Oh, I guess you should know that I do all this while pumping my iPod headphones loud enough that anyone within five feet can sing along.
So, I’ve got Nicki Minaj on blast and I go into a classic Jane Fonda move. It’s a floor exercise that involves pelvic thrusts on repeat. See the image below, if you will.
I’m doing these moves in perfect coordination with the beat. Up, down, up, down. Five-six-seven-eight-and-one … When, out of nowhere, Penny comes prancing in doing, not the salsa, but a dance I have NEVER in all my dog-owning years seen a dog do. She is wagging her tail, trying to stand on her hind legs and simultaneously humping the air all at once – in perfect rhythm to the beat. And getting uncomfortably close to her mother. If there was a doggy nightclub, it would’ve been the equivalent of Penny hearing her jam, rushing out to the dance floor and moving it like she had no problem making a baby right there. It was so … provocative.
All I could say was, “PENNY! WHAT ARE YOU DOING? … STOP IT. NO, STOP IT. … I DON’T LIKE THIS!”
My dog got so hurt when she heard that. She slowly started for the hallway and turned back to look at me with those big “You don’t like my nasty go-ahead-and-get-yours dance” eyes. She went right back into the hallway, slumped down and tucked her head real low. I’m still not sure if it was an act of shame or one of rejection. Either way the whole thing was massively disturbing.
But, I got it over it. Cuz that’s what you do when beads of sweat are racing down your forehead and your heart rate’s right where you want it. I did some jumping jacks and the ol’ step ball chain for a minute and then went into another floor exercise that involved pelvic thrusts.
Watch out, y’all, her jam’s on again!
Here comes Penny wagging her tail, trying to stand and hump the air all at the same time again. She’s looking at me like, “Yeah, girlfriend! Let’s get this party started right!” Like she’s waiting for a Jack Russell Terrier to pop out of nowhere with shots and a limbo stick or something.
This time instead of scold, I just stared. I wanted to recount for Jake every “Up in Da Club” gyration, thrust, and naughty grind I witnessed. That lasted all of 10 seconds and then it was back to the scolding.
I couldn’t help but think about the sweater incident in which my family and friends swore up and down that our Pen Pen was *loud whisper* a trollop.

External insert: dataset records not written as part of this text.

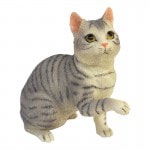 ����å� �ߥ˥��奢�������ǥ�ޥ����å� ���֥���/��ʪ �ڤ��¤ꡦ���ӡ���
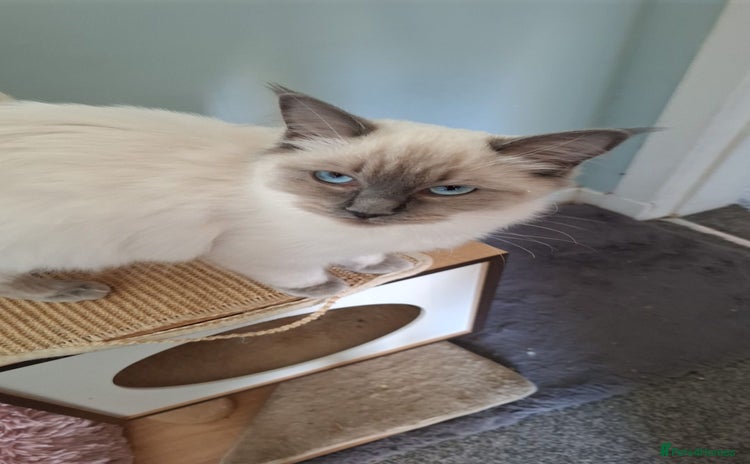 Ragdoll cats - Advert 6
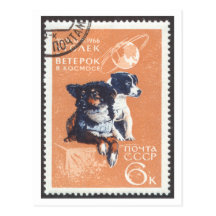 Postcard Space Dogs Veterok and Ugolyok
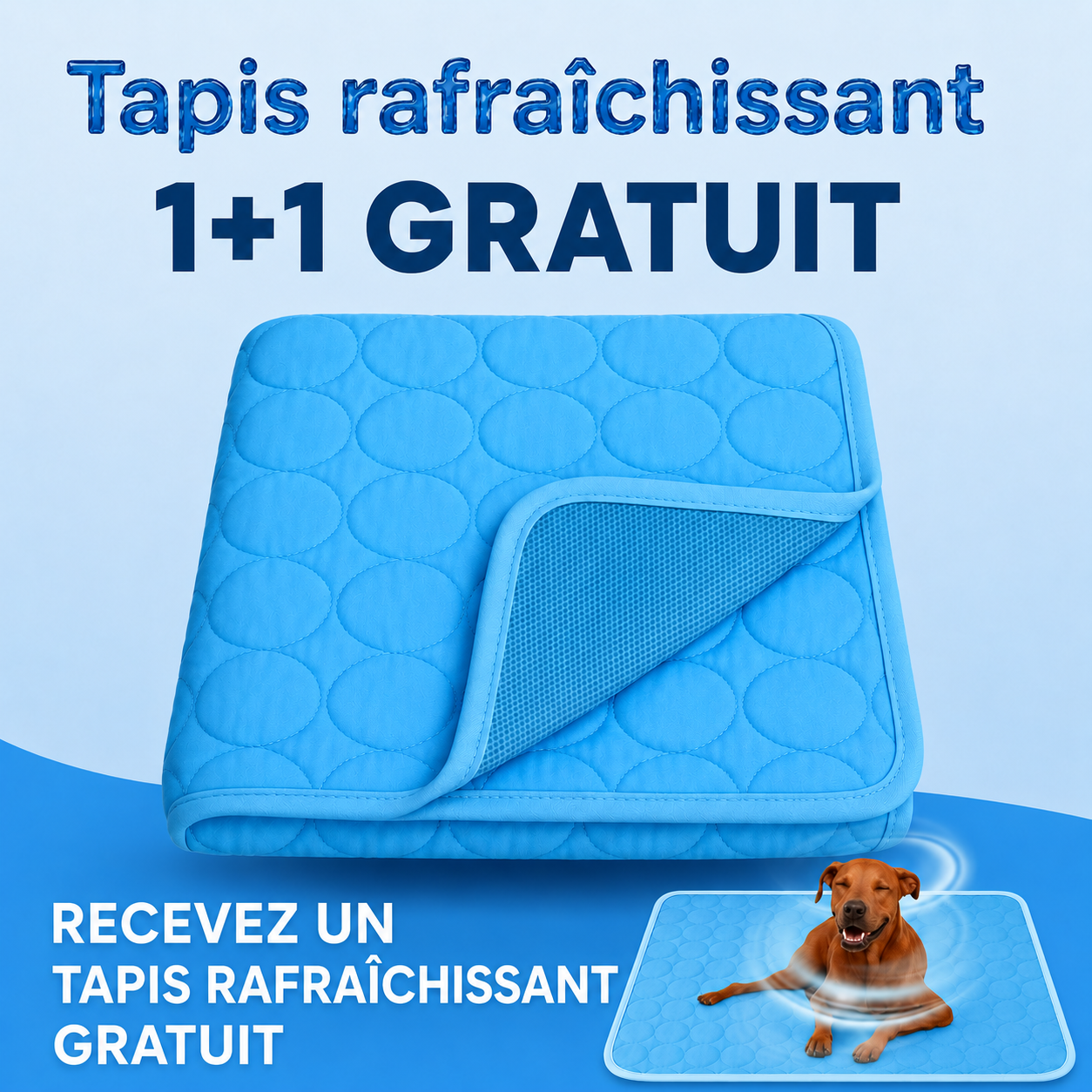 ArcticCloud® - Tapis rafraîchissant pour chien (1+1 OFFERT)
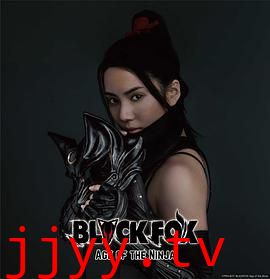 黑狐：忍者时代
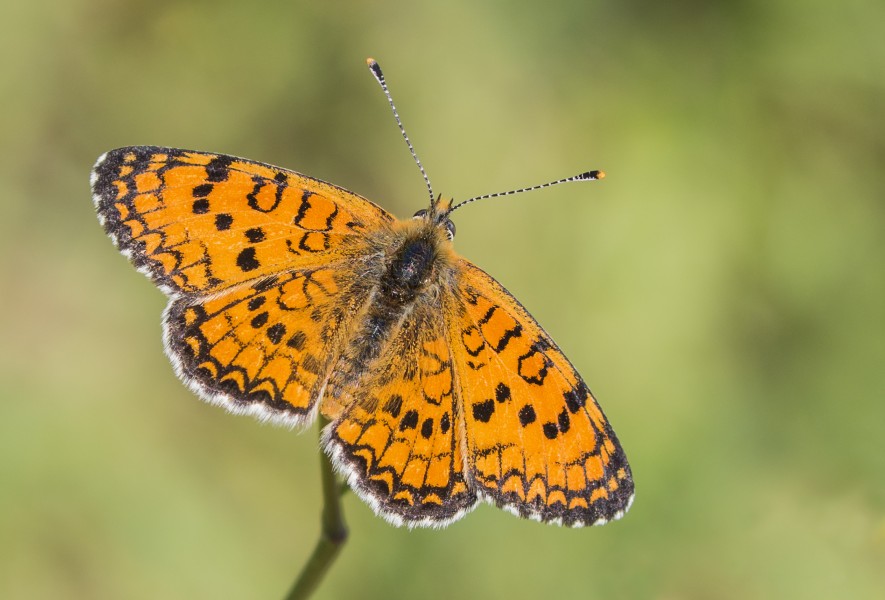 Melitaea collina - Hataylı İparhan 04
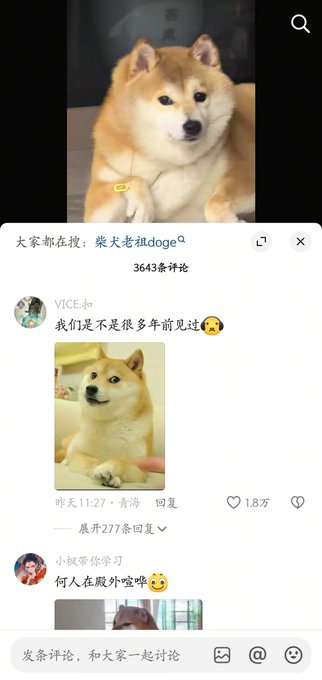 AnthonyKline's tweet photo. 抖音狗狗届将迎来新神——蛋蛋 短短时间，已经近2000多万播放了，近1万人推荐。 什么！柴犬老祖doge后继有狗了！ 抖音最近火爆的一只柴犬，因为神似“神烦狗”而走红。 被网友称作“doge秽土转生版” 下一个马上实现赛博永生的柴犬，国产版doge. 顶级！ https://t.co/hK7PWvbxDG... https://t.co/1ArZxb961r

Jake and I couldn’t see it for the life of us.
That, of course, made me think of a girl I went to junior high with who we nicknamed “Annie Mascarenas All I Want is Penis.” When I say “we” nicknamed her, I mean ME, yours truly, X. (Like I’m gonna pass up taking credit for that one!) Anyway, her madre and padre had NO clue their daughter was blowing little boys every day after school. They seriously thought she was an angel because she got good grades, went to Catechism and still insisted on sitting between them in the front seat of their Cadillac when they picked her up from school.
Dude. Are we just like Annie Mascarenas All I Want is Penis’ parents? We’re constantly saying Penny’s an angel. She never gets into the garbage, she doesn’t chew things and — oh my God — she insists on sitting between Jake and I on the love seat when we watch TV!
Ay dios mio.
Eh, who am I kidding? So, she likes to … dance. Look at this little girl! An angel, I tell you. A pure angel.